Copy out each line of the material exactly. Pictures do not belong in the copy.

§ **Data provided**

▶

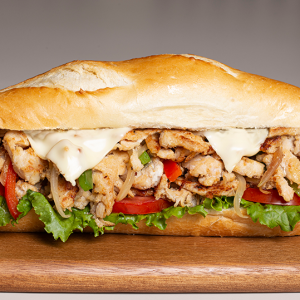 Chicken Cheesesteak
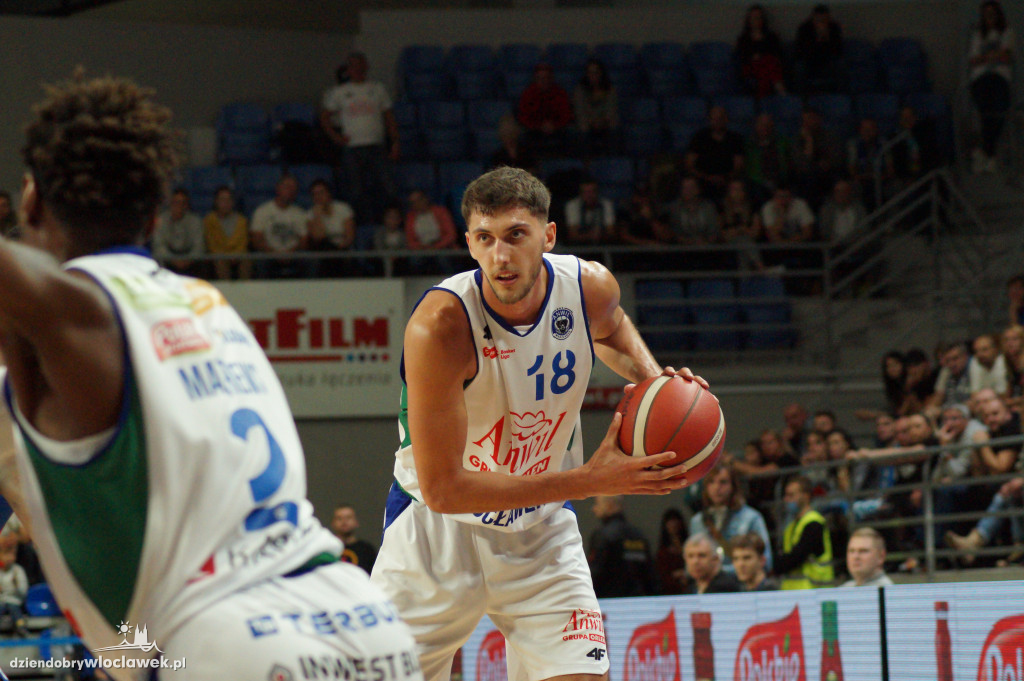 Anwil Włocławek vs King Szczecin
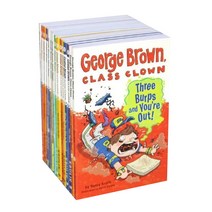 George Brown Class Clown 15종 세트, Grosset & Dunlap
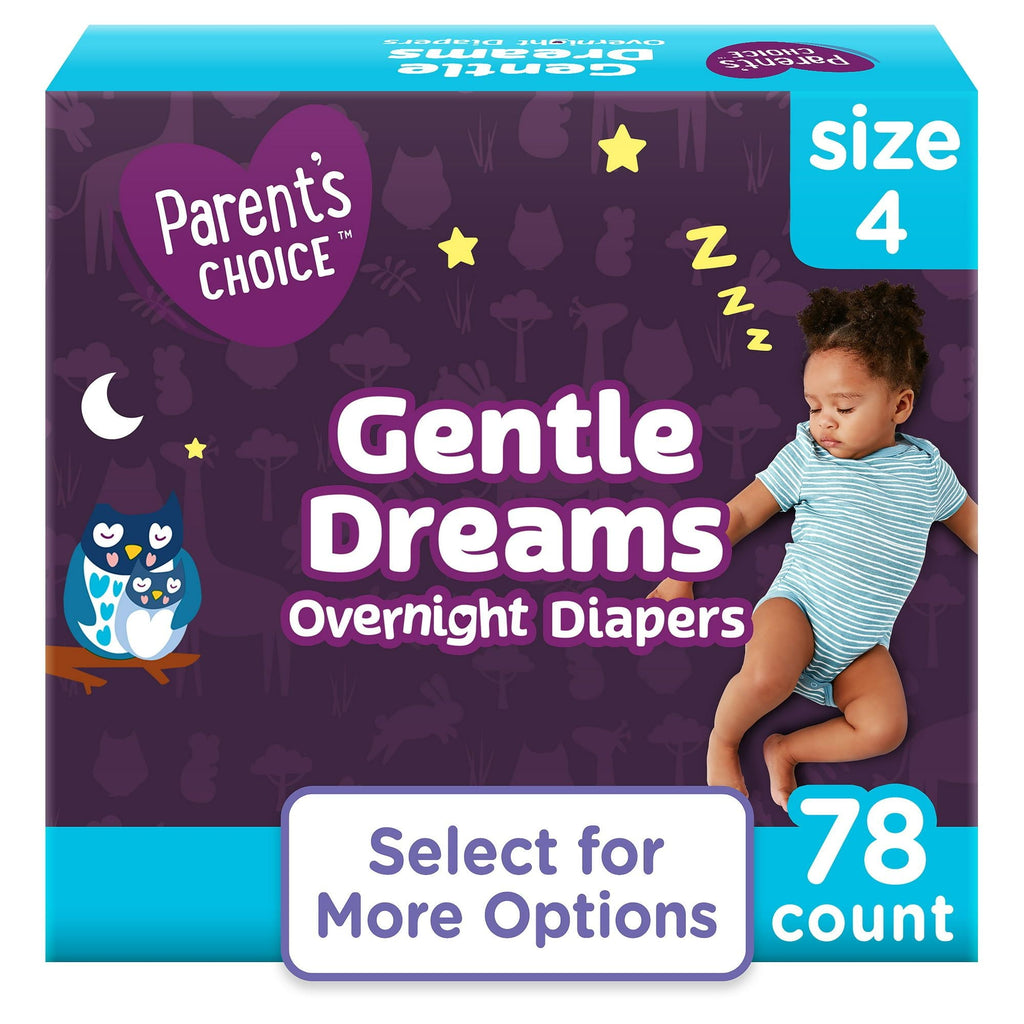Parent's Choice Gentle Dreams Overnight Diapers (Select for More Options) - SJB-DIAMOND ELITES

◀

§ **Finished task**
 Chicken Cheesesteak
 Anwil Włocławek vs King Szczecin
 George Brown Class Clown 15종 세트, Grosset & Dunlap
Parent's Choice Gentle Dreams Overnight Diapers (Select for More Options) - SJB-DIAMOND ELITES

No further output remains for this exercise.